Willie Green wants to try playing Zion at the five, despite evidence that it doesn’t work early in his career. Is it worth the experiment?
Jimmy Butler is “very emotional right now”. Damian Lillard has “never been in no photo like this”. James Harden is sleeping off a hangover in his hotel room. Media day is the first time players report (or don’t) back to their respective teams, and the 2023-24 training camp opener was one of the best.
Despite the straightened fringes, awkward Instagram filters and cute 0.5 camera pics, the wildest moment might have come from the New Orleans Pelicans head coach Willie Green, who flagged a tactical change in the works for one of the franchise’s star players.
Green reiterated that Zion Williamson will spend time playing the five in some Pelicans lineups this season, a position that has been touted as a part-time possibility for the big man since he came into the league, but one at which he’s only spent 5% of his time on the floor so far.
When everyone is healthy (and it’s one of the biggest whens in the league), the Pels’ biggest struggle on offence has been fitting together two forwards who are most effective with the ball in their hands.
Brandon Ingram cemented himself as a team leader and a league threat in Zion’s absence during the 2021-22 season.

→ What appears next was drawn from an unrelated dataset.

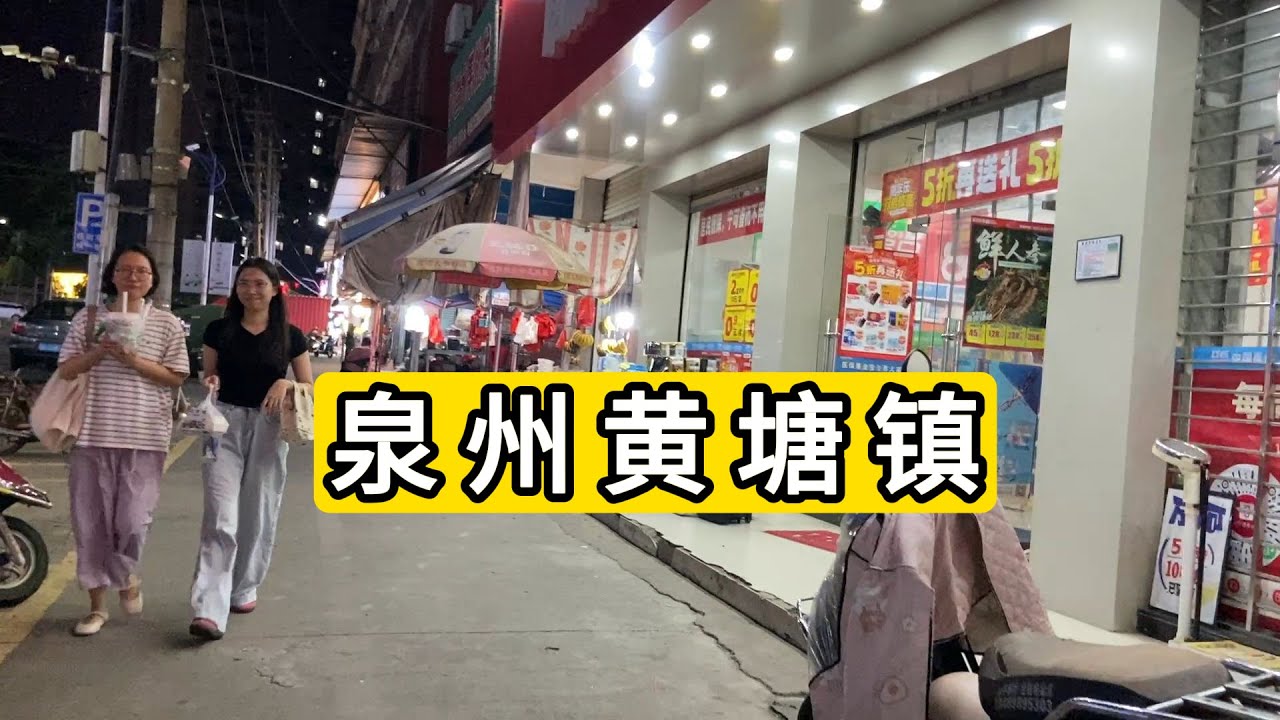 夜逛福建省泉州市惠安县黄塘镇 感受小镇氛围 Nightlife Of Huangtang Town Quanzhou City.China.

He was coming off screens and rising at the elbow like a pseudo-Kevin Durant and propelled the Pels’ famous late season run to an exciting six-game series against the Phoenix Suns.
Zion’s best basketball of his professional career came in December and January last season when Ingram was sidelined with a toe injury – his deft finishing around the rim and drive-and-kick skills made him one of the most effective dribble penetrators in the league and briefly sat the Pelicans atop of the Western Conference standings.
When both are on the court, the Pelicans offence can devolve into a bit of your-turn-my-turn, as one player feels sidelined while the other goes for 30.
On paper, it makes perfect sense to get Zion involved in more screening actions as the roll man. He is undoubtedly one of the league’s best finishers at the rim, he’s nimble and he’s quite literally built like a brick shithouse – if a brick shithouse could leap up 45 inches from a standing position.
Getting him the ball on the short roll is an attractive prospect too, amplifying his substantial gravity while still opening up the opportunity for Zion to show off his playmaking instincts. You can imagine how anxious a defence would feel with Zion with a mismatch at the free throw line and Trey Murphy and CJ McCollum lurking in the corners.
The frontcourt partners Zion has spent the most time playing with have been Jonas Valanciunas and Steven Adams, two slow centres who don’t space the floor and whose value instead comes from their screening and boxing out skills.
Playing Zion at the five (and keeping Valanciunas and Larry Nance Jr. on the bench during those minutes) means he’ll have more space than he has ever had in his career – part of what made his run last season so impressive was the sheer number of bodies he had to meet at the rim on every offensive possession.
The two big offensive questions, though, are: is Zion actually a good roll man and is this the best use of his talents?
Zion wasn’t even involved in ten pick-and-rolls as the roll man last season, which seems insane. Across the 61 games he played in his last healthy season, 2020-21, the Pelicans went to the pick-and-roll with Zion as the big man 1.2 times per game, for an average of 1.15 points per possession (PPP). It’s not a bad result, but it’s hardly groundbreaking and far from the league’s best.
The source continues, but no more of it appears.